Nel pattugliamento di ieri sono state identificate 48 persone, 33 straniere. Una persona è stata segnalata perché trovata in possesso di cocaina, e lo stupefacente sequestrato, e sono stati controllati anche due ristoranti della zona.

«Iniziamo dal centro storico - afferma il sindaco, Giuseppe Mascia - con il proposito di restituirlo a quella normalità da cui discende, a nostro avviso, la possibilità di far rinascere la città nella sua interezza». «Dalla rivitalizzazione di piazze e vie attraverso la promozione di iniziative culturali, artistiche, di spettacolo e ricreative al rilancio della funzione residenziale e di quella commerciale e produttiva, dal ritorno degli uffici pubblici e di altri presidi che favoriscono la vitalità di una città sino all’introduzione di elementi utili a garantire la sicurezza delle persone, come l’installazione delle videocamere e l’integrazione del servizio di polizia locale: vogliamo che la città vecchia torni a essere il cuore pulsante di una città in salute», aggiunge il primo cittadino.
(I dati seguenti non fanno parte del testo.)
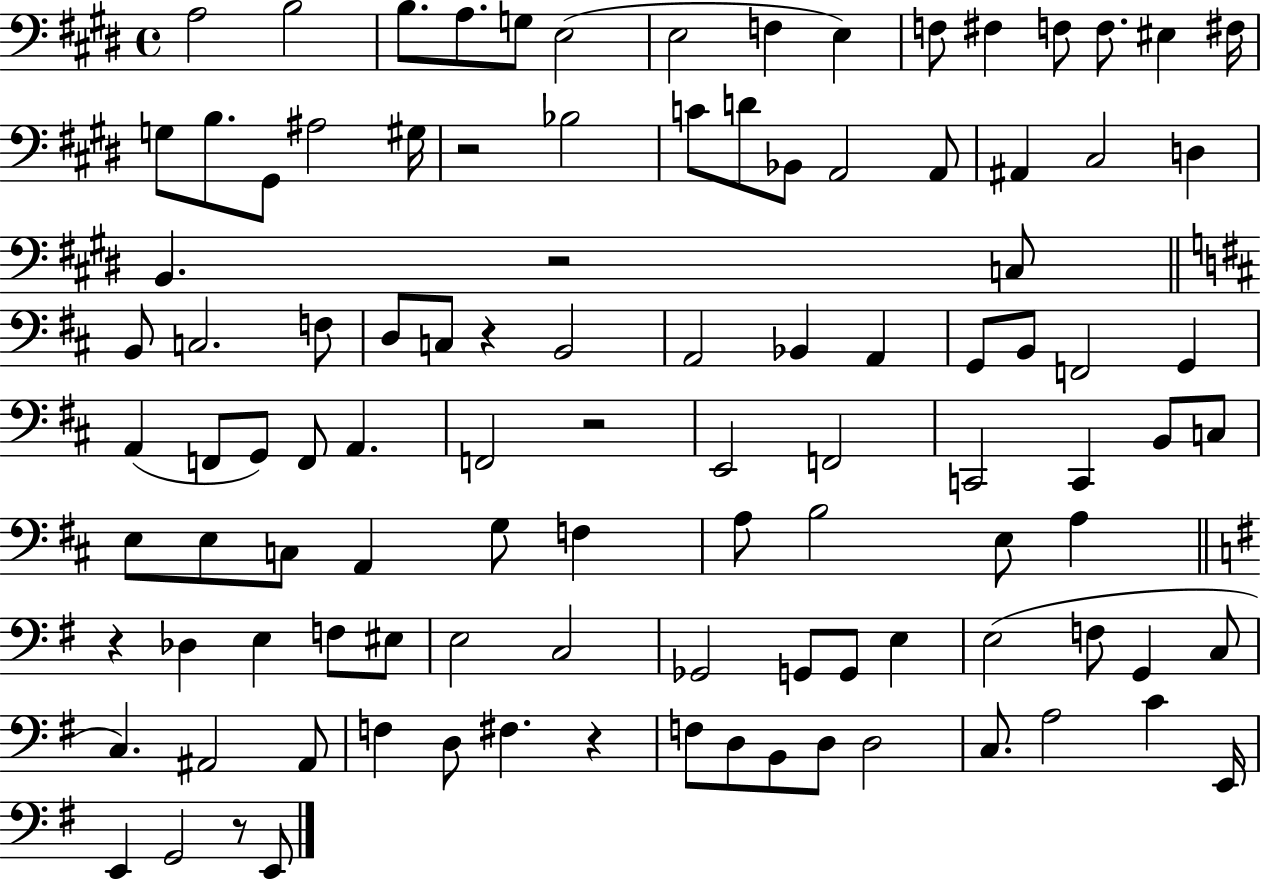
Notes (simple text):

A3/h B3/h B3/e. A3/e. G3/e E3/h E3/h F3/q E3/q F3/e F#3/q F3/e F3/e. EIS3/q F#3/s G3/e B3/e. G#2/e A#3/h G#3/s R/h Bb3/h C4/e D4/e Bb2/e A2/h A2/e A#2/q C#3/h D3/q B2/q. R/h C3/e B2/e C3/h. F3/e D3/e C3/e R/q B2/h A2/h Bb2/q A2/q G2/e B2/e F2/h G2/q A2/q F2/e G2/e F2/e A2/q. F2/h R/h E2/h F2/h C2/h C2/q B2/e C3/e E3/e E3/e C3/e A2/q G3/e F3/q A3/e B3/h E3/e A3/q R/q Db3/q E3/q F3/e EIS3/e E3/h C3/h Gb2/h G2/e G2/e E3/q E3/h F3/e G2/q C3/e C3/q. A#2/h A#2/e F3/q D3/e F#3/q. R/q F3/e D3/e B2/e D3/e D3/h C3/e. A3/h C4/q E2/s E2/q G2/h R/e E2/e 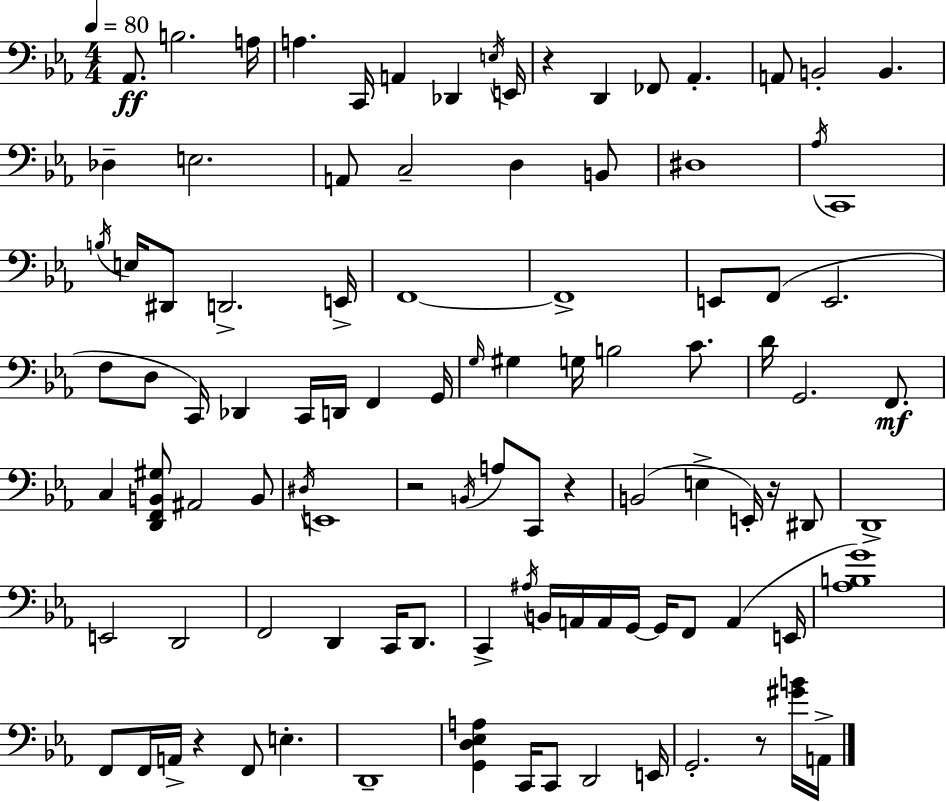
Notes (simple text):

Ab2/e. B3/h. A3/s A3/q. C2/s A2/q Db2/q E3/s E2/s R/q D2/q FES2/e Ab2/q. A2/e B2/h B2/q. Db3/q E3/h. A2/e C3/h D3/q B2/e D#3/w Ab3/s C2/w B3/s E3/s D#2/e D2/h. E2/s F2/w F2/w E2/e F2/e E2/h. F3/e D3/e C2/s Db2/q C2/s D2/s F2/q G2/s G3/s G#3/q G3/s B3/h C4/e. D4/s G2/h. F2/e. C3/q [D2,F2,B2,G#3]/e A#2/h B2/e D#3/s E2/w R/h B2/s A3/e C2/e R/q B2/h E3/q E2/s R/s D#2/e D2/w E2/h D2/h F2/h D2/q C2/s D2/e. C2/q A#3/s B2/s A2/s A2/s G2/s G2/s F2/e A2/q E2/s [Ab3,B3,G4]/w F2/e F2/s A2/s R/q F2/e E3/q. D2/w [G2,D3,Eb3,A3]/q C2/s C2/e D2/h E2/s G2/h. R/e [G#4,B4]/s A2/s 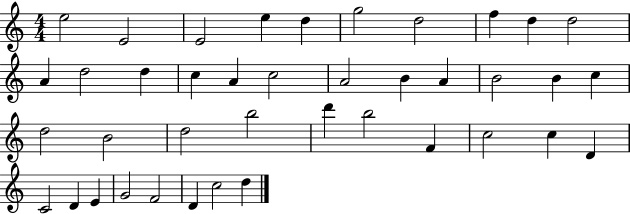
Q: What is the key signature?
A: C major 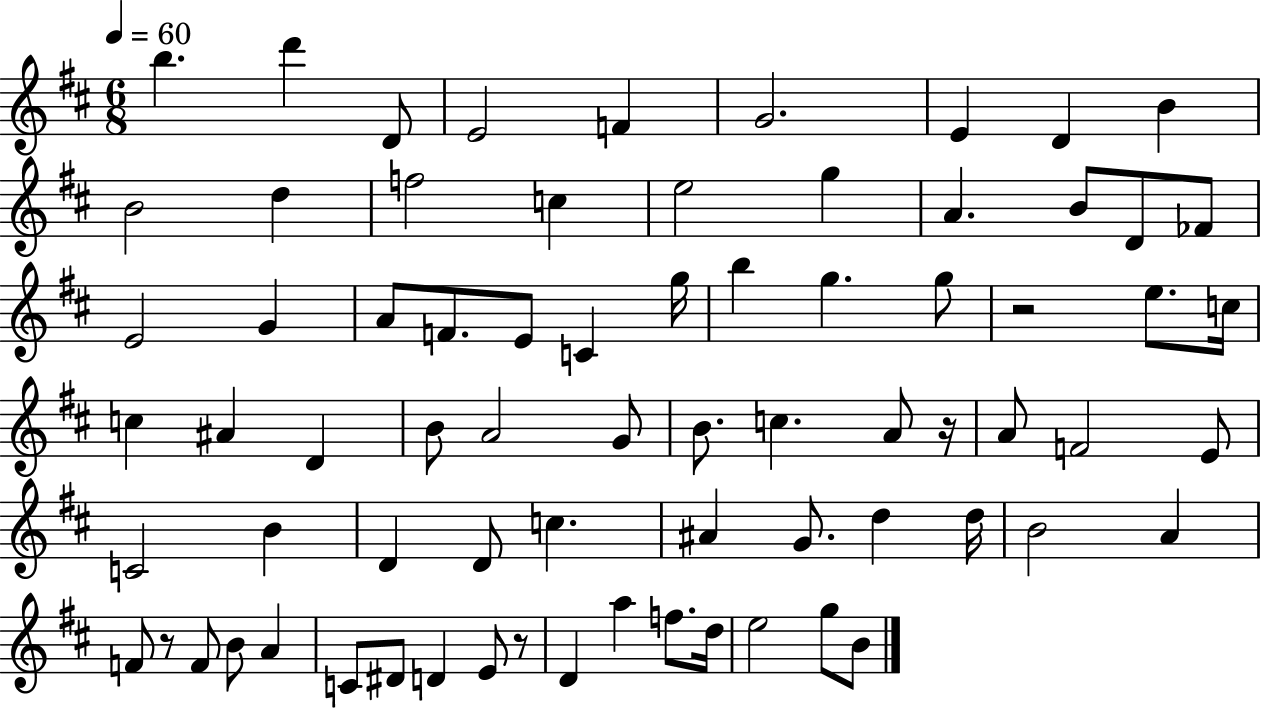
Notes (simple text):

B5/q. D6/q D4/e E4/h F4/q G4/h. E4/q D4/q B4/q B4/h D5/q F5/h C5/q E5/h G5/q A4/q. B4/e D4/e FES4/e E4/h G4/q A4/e F4/e. E4/e C4/q G5/s B5/q G5/q. G5/e R/h E5/e. C5/s C5/q A#4/q D4/q B4/e A4/h G4/e B4/e. C5/q. A4/e R/s A4/e F4/h E4/e C4/h B4/q D4/q D4/e C5/q. A#4/q G4/e. D5/q D5/s B4/h A4/q F4/e R/e F4/e B4/e A4/q C4/e D#4/e D4/q E4/e R/e D4/q A5/q F5/e. D5/s E5/h G5/e B4/e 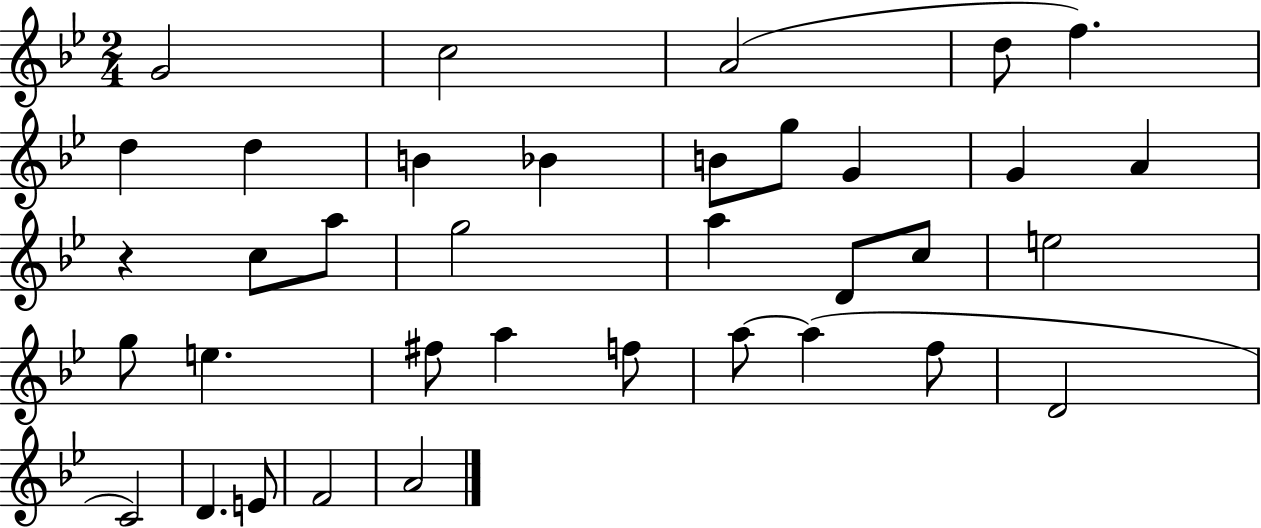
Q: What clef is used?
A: treble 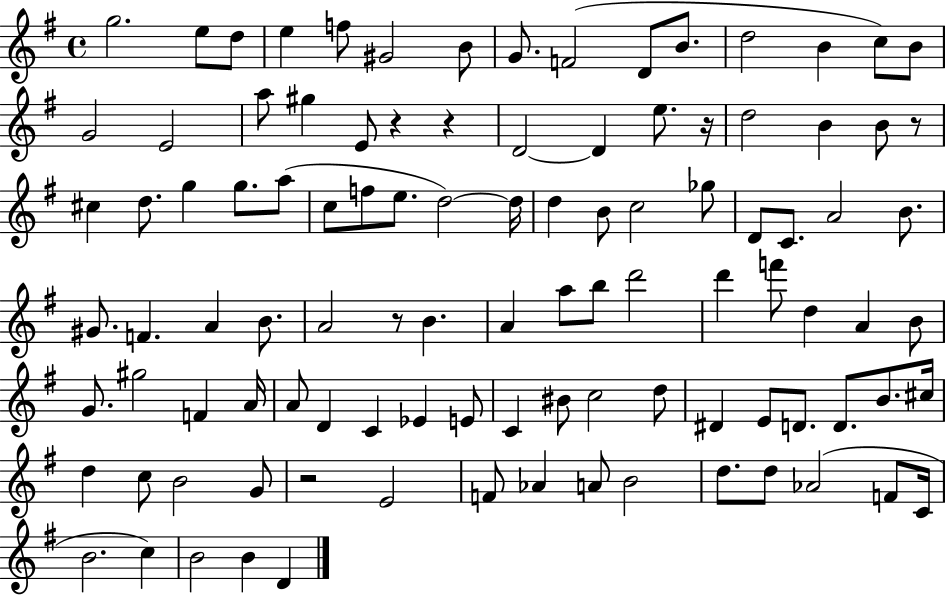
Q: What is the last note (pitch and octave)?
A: D4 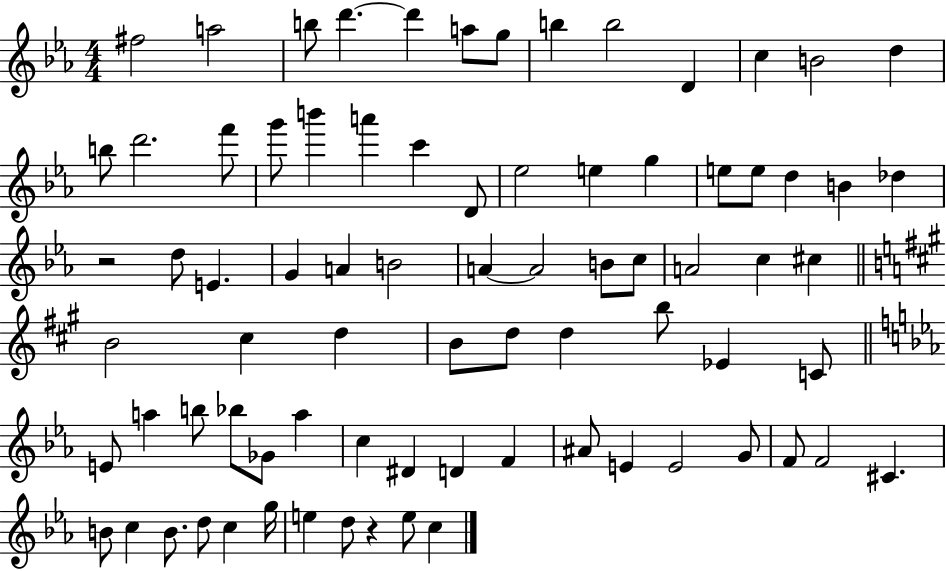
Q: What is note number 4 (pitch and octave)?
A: D6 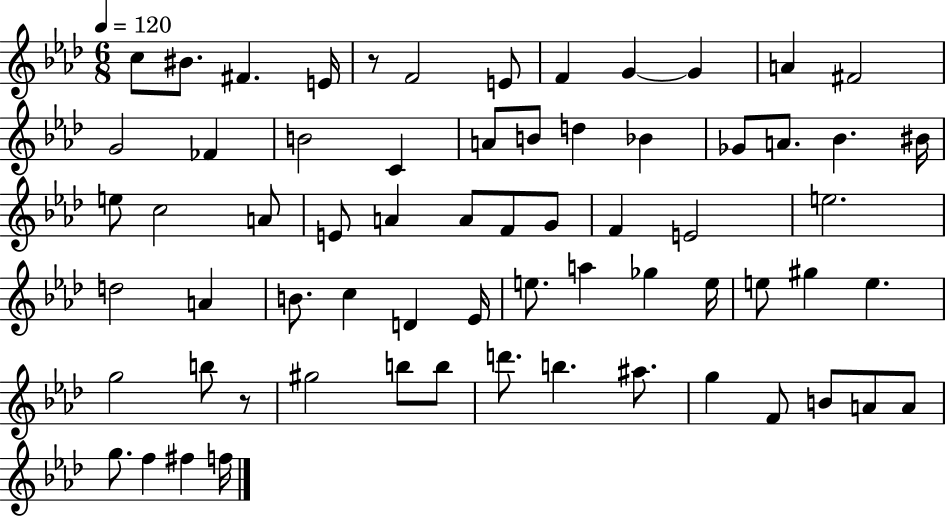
{
  \clef treble
  \numericTimeSignature
  \time 6/8
  \key aes \major
  \tempo 4 = 120
  c''8 bis'8. fis'4. e'16 | r8 f'2 e'8 | f'4 g'4~~ g'4 | a'4 fis'2 | \break g'2 fes'4 | b'2 c'4 | a'8 b'8 d''4 bes'4 | ges'8 a'8. bes'4. bis'16 | \break e''8 c''2 a'8 | e'8 a'4 a'8 f'8 g'8 | f'4 e'2 | e''2. | \break d''2 a'4 | b'8. c''4 d'4 ees'16 | e''8. a''4 ges''4 e''16 | e''8 gis''4 e''4. | \break g''2 b''8 r8 | gis''2 b''8 b''8 | d'''8. b''4. ais''8. | g''4 f'8 b'8 a'8 a'8 | \break g''8. f''4 fis''4 f''16 | \bar "|."
} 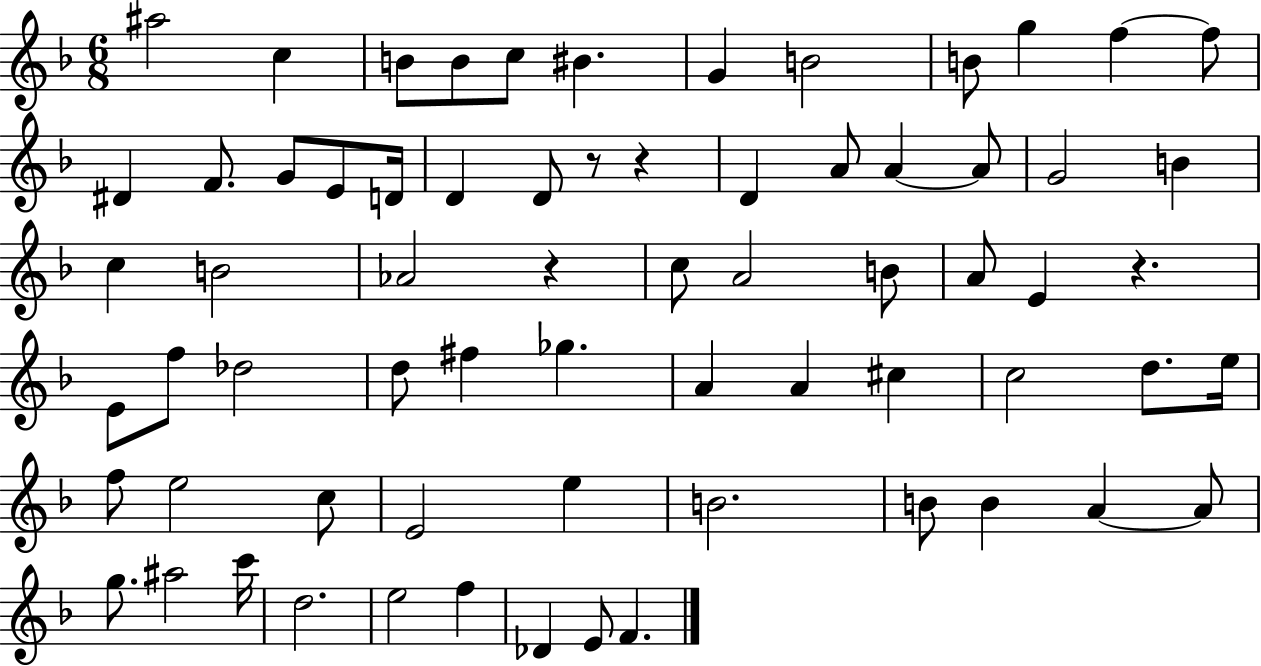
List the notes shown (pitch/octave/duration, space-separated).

A#5/h C5/q B4/e B4/e C5/e BIS4/q. G4/q B4/h B4/e G5/q F5/q F5/e D#4/q F4/e. G4/e E4/e D4/s D4/q D4/e R/e R/q D4/q A4/e A4/q A4/e G4/h B4/q C5/q B4/h Ab4/h R/q C5/e A4/h B4/e A4/e E4/q R/q. E4/e F5/e Db5/h D5/e F#5/q Gb5/q. A4/q A4/q C#5/q C5/h D5/e. E5/s F5/e E5/h C5/e E4/h E5/q B4/h. B4/e B4/q A4/q A4/e G5/e. A#5/h C6/s D5/h. E5/h F5/q Db4/q E4/e F4/q.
Per il comandante della Polizia locale, Gianni Serra, «il servizio sperimentale che abbiamo attivato è l’ennesima dimostrazione della nostra volontà di contribuire alla incolumità di cittadine e cittadini e al rispetto della legalità nella nostra città». «Si parte da una delle zone più sensibili - dichiara - dove l’allarme è più frequente e il senso di sicurezza reale e percepita è più instabile, ma contiamo di ampliare il servizio notturno e di estenderlo ad altre parti della città».